**Task statement**:
Give the data below again exactly as written, but without the pictures.

**Recorded data**:

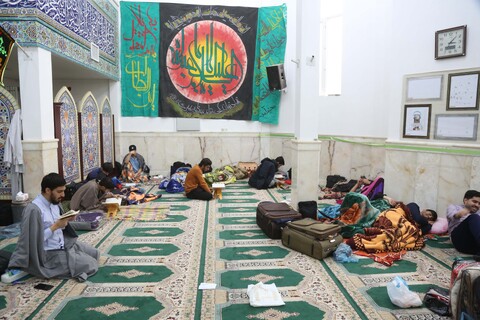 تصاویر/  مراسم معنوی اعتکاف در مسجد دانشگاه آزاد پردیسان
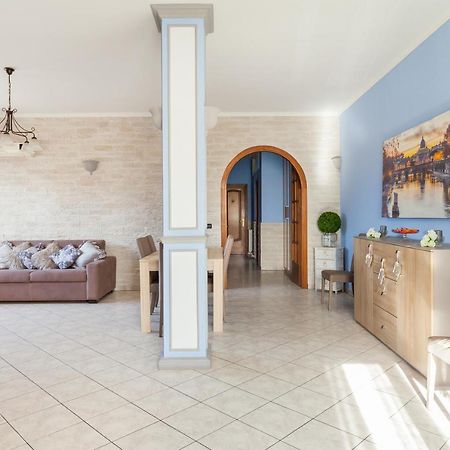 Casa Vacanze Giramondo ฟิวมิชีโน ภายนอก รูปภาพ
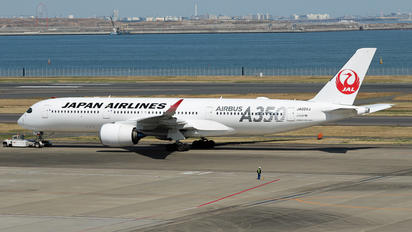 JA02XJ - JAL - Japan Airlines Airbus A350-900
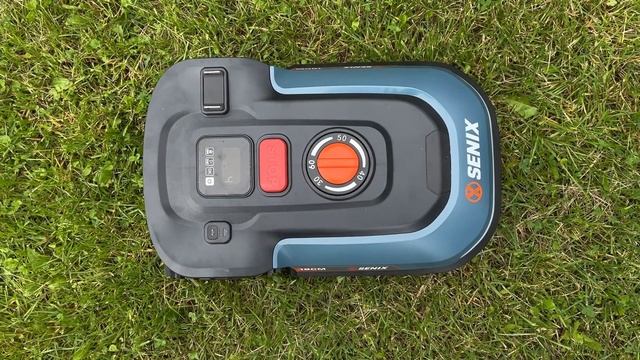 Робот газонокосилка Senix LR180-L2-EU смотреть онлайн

**Output for this exercise**:
 تصاویر/  مراسم معنوی اعتکاف در مسجد دانشگاه آزاد پردیسان
 Casa Vacanze Giramondo ฟิวมิชีโน ภายนอก รูปภาพ
 JA02XJ - JAL - Japan Airlines Airbus A350-900
 Робот газонокосилка Senix LR180-L2-EU смотреть онлайн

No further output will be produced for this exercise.